We've gone around and around over the years on the question of whether the practice of "cow tipping" described on Wikipedia as "the purported activity of sneaking up on a sleeping, upright cow and pushing it over for fun" is fact or fiction.
Some scoffers point out the obvious: cows don't normally sleep standing up. Others object that toppling a half-ton mammal is easier said than done. Both arguments make sense to me, not to mention the fact that if it does exist, cow tipping is a pretty clear-cut case of animal cruelty and ought to be illegal, if it isn't already.
Notwithstanding those objections, someone near and dear to me swears with hand on heart that she actually witnessed an instance of cow tipping during her youth in rural upstate New York. Being a professed agnostic on the subject, it pains me to admit that it may well be true.
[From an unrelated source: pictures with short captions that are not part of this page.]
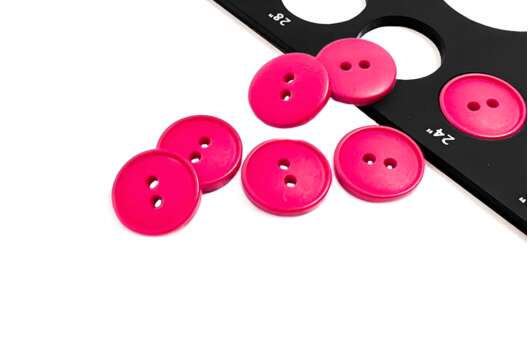 Пуговица пластиковая PS17, 2 прокола, малиновая, 15 мм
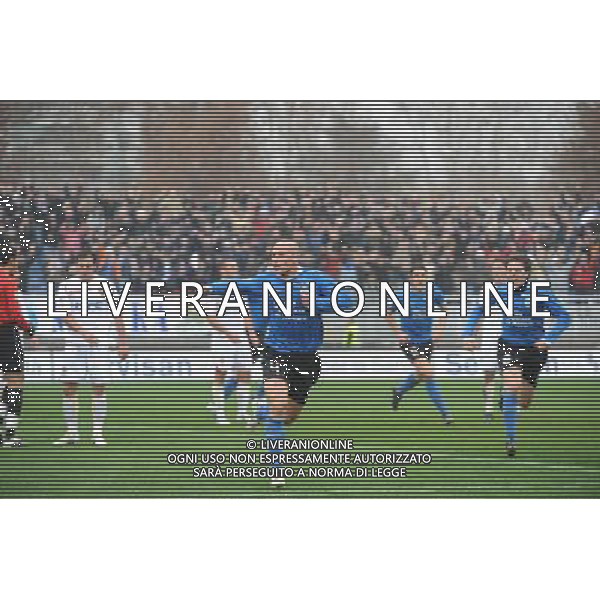 Campionato Lega PRO 1 Divisione Novara 22-11-2009 Novara - Benevento nella foto: l\'esultanza di Andrea Lisuzzo dopo il gol foto Garavaglia - ag. Aldo Liverani sas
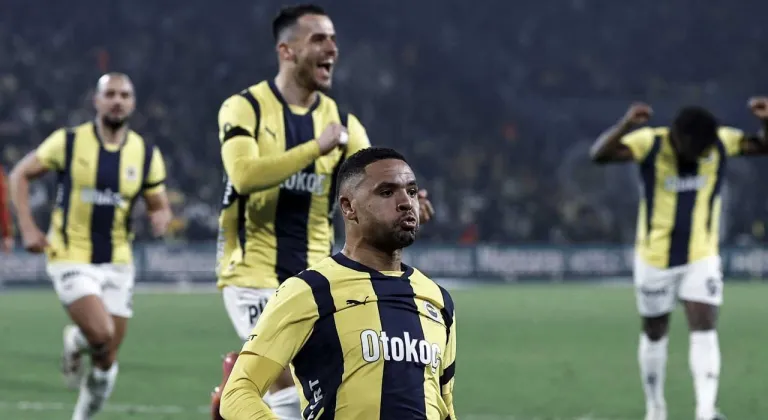 Fenerbahçe, Göztepe karşısında geriden gelerek zirveye ortak oldu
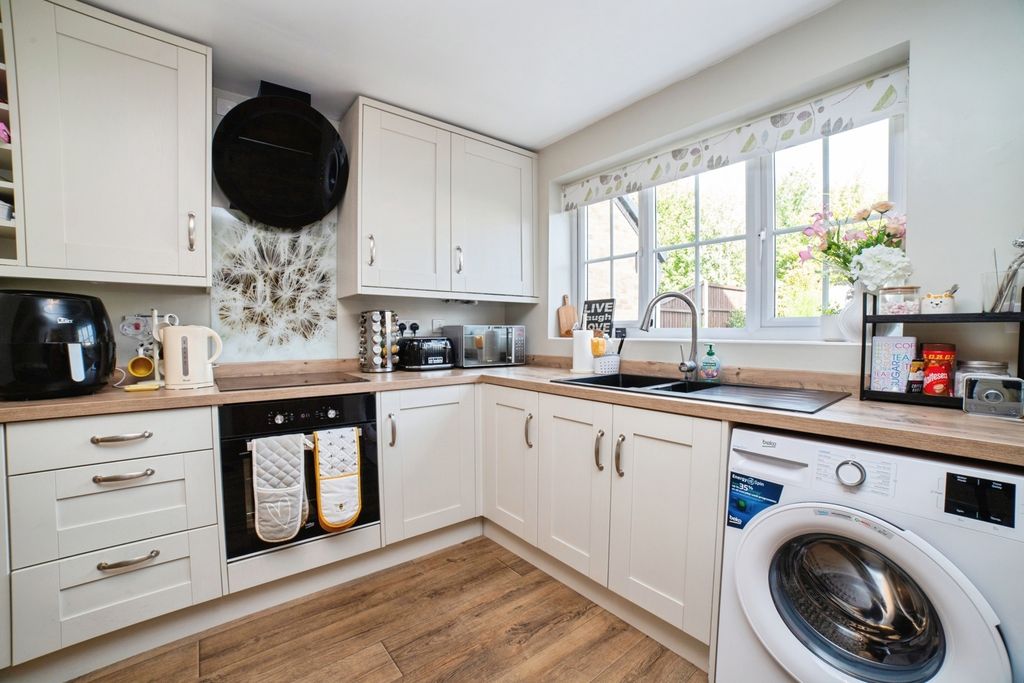 Property photo 2 of 17 Photo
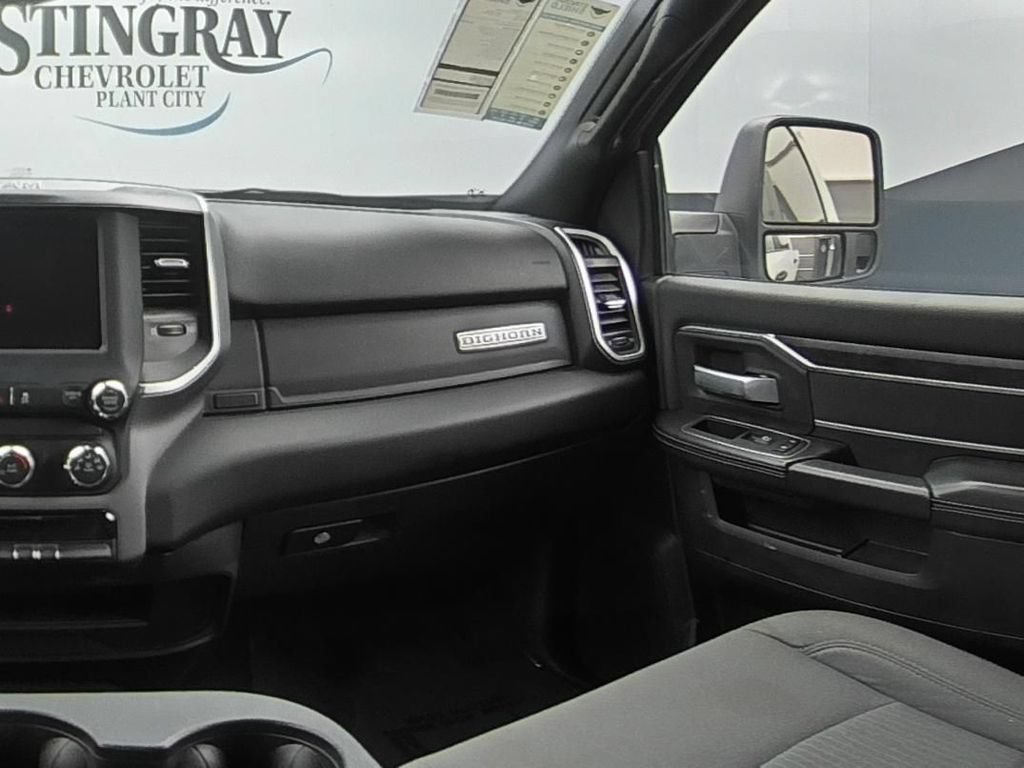 Used 2024 RAM 2500 Big Horn AWD/4WD image 15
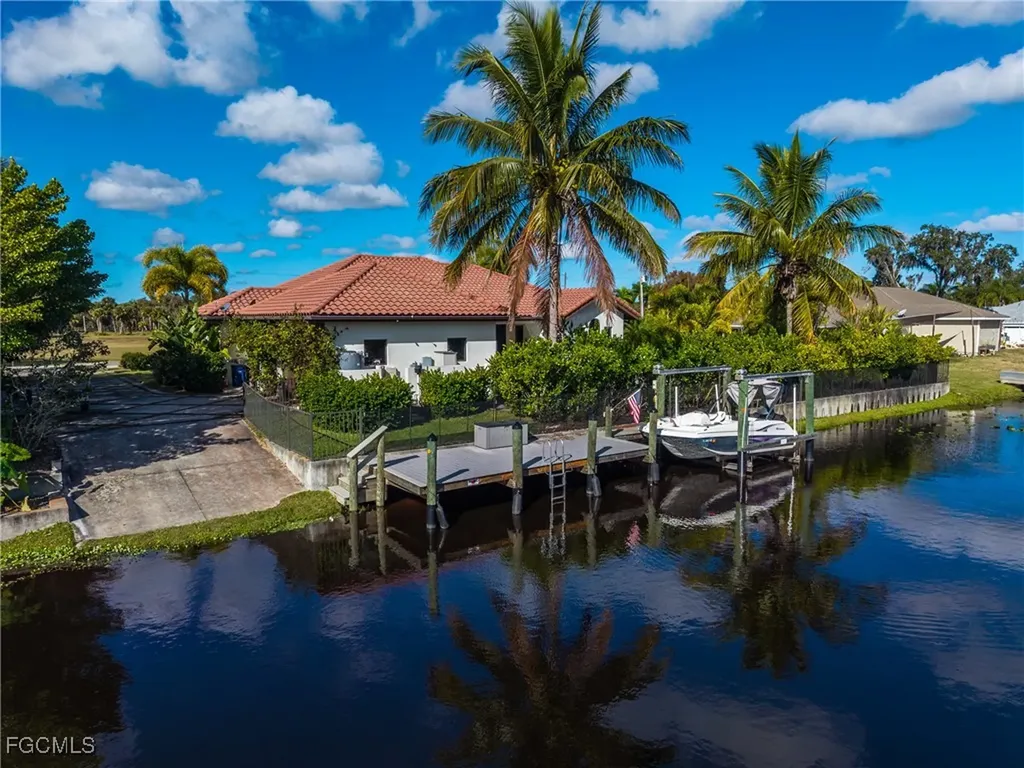 1971 Mitchell Avenue Alva FL 33920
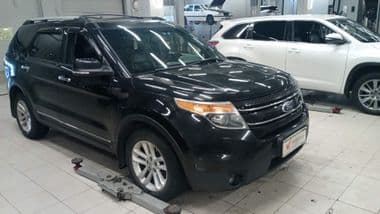 Ford Explorer 2013 года, 172 500 км - вид 2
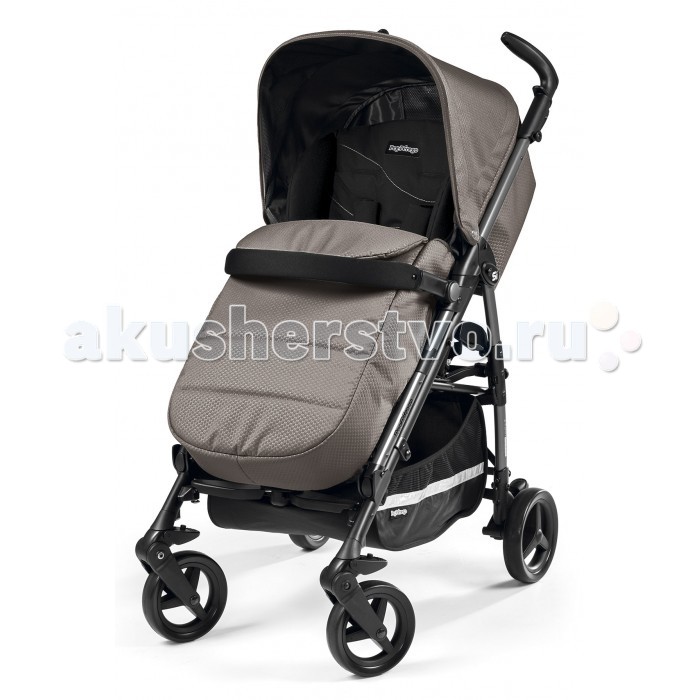 Коляска-трость Peg-perego Si CompletoSi Completo Коляска-трость Peg-perego Si CompletoSi CompletoКоляска-трость Peg-perego Si Completo предназначена для малышей в возрасте от 6-ти месяцев до 3-х лет. Легкая, прочная, современная коляска-трость, особенно популярная среди родителей, для которых безопасность и удобство ребенка стоят на первом месте. У нее легкая алюминиевая рама, которая складывается одной рукой по принципу трости. В сложенном виде коляска Perego Si Completo стоит без поддержки и переносится за специально предусмотренную ручку. Прогулочный блок большой и глубокий. Его спинка регулируется в 3-х положениях. Максимально опущенная спинка и поднятая подножка позволяют получить полноценное спальное место. Всего вариантов установки у подножки два. Безопасность Peg-Perego Si Completo гарантируется надежным бампером и прочными ремнями безопасности с 5-ю точка прилегания. Степень натяжения ремней может изменяться по вашему желанию. Движений они не стесняют. Бампер может использоваться как столик для игрушек. От дождя ребенка защитит съемный капюшон, оснащенный складной солнцезащитной вставкой. Капюшон и вся обивка Peg-Perego Si Completo выполнена из однотонного текстиля с едва заметным перламутровым узором из кружочков. Ткань плотная, надежная, очищающаяся посредством простой стирки. Высоту ручек вы можете подстроить под свой рост и зафиксировать в выбранном положении. Фиксируются также передние поворотные колеса. Они имеют мягкую амортизацию и плавно движутся практически по любым поверхностям. Прогулочное сидение: регулируемая спинка в 3-х положениях 5-точечные ремни безопасности Капюшон складывающийся, съемный. Шасси: легкая алюминиевая рама компактно складывается В комплект входит: капюшон, накидка на ножки, дождевик. В комплект не входит подстаканник! Размеры: Вес шасси (рамы): 6 кг Ширина шасси: 51 см Размер коляски (шхдхв): 51 х 87 х 103 см Размер коляски в собранном виде: 31 х 99 см.<br>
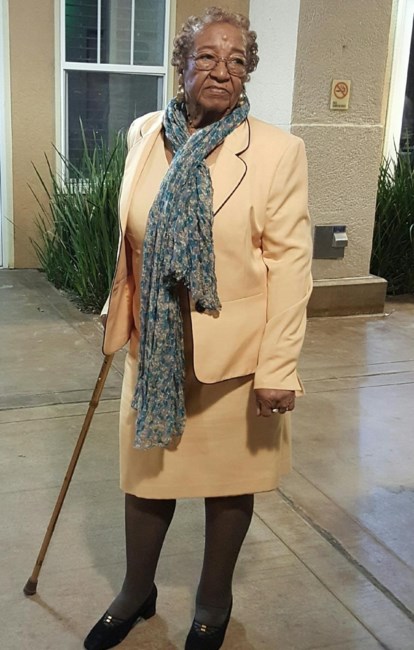 Obituary of Julia Lee Dixon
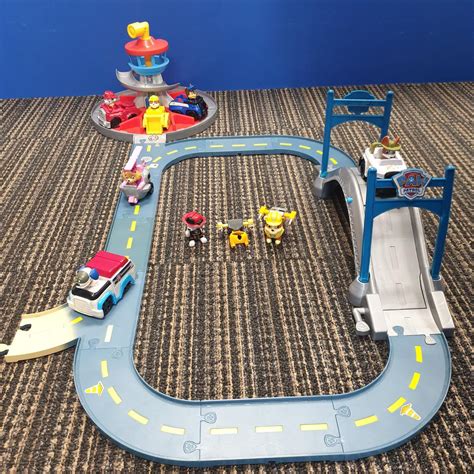 Paw Patrol Launch N Roll Lookout Track Set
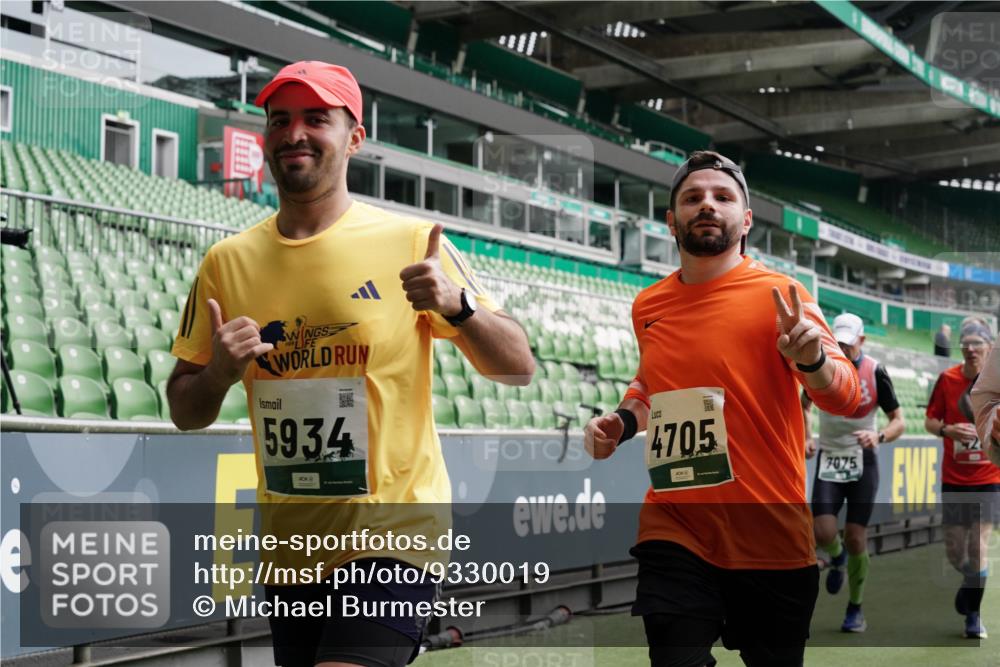 05.10.2025 - 20. swb-Marathon Bremen Michael Burmester http://msf.ph/oto/9330019 05.10.2025 13:01:54 Laufen im Stadion 152, 335, 428, 488, 493, 546, 672, 772, 979, 1030, 1256, 1348, 1361, 1452, 1732, 1744, 1759, 1856, 1893, 1899, 1924, 1933, 1996, 2096, 2102, 2143, 2235, 2245, 2272, 2306, 2433, 2555, 2565, 2796, 2910, 2912, 2918, 2991, 2995, 3053, 3206, 3208, 3387, 3525, 3526, 3662, 3663, 3673, 3861, 3877, 3926, 3930, 4017, 4018, 4086, 4329, 4364, 4409, 4444, 4564, 4618, 4705, 4882, 4947, 4980, 5150, 5309, 5557, 5570, 5580, 5731, 5893, 5934, 5985, 6082, 6157, 6328, 58, 440 meine-sportfotos.de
I've long wished the victims of these alleged assaults could speak on their own behalf.
Now comes this headline in today's Knoxville News Sentinel: "Man Tipped by Cow at UT Farm."
Revenge is sweet.
Read more:
• The Physics of Cow Tipping
• Florida to Consider Ban on 'Cow Tipping'
• How to Cow Tip
• Experts Dispute Cow Tipping Theory
• Is There Really Such a Thing as Cow Tipping?

Comments
My mom grew up in rural Wisconsin (America’s dairyland), and they absolutely tipped cows. Bored teenagers would get drunk, go out in the fields and tip a cow over, and run away before the farmer caught them. She maintains that it didn’t hurt the cows, just made them moo like crazy.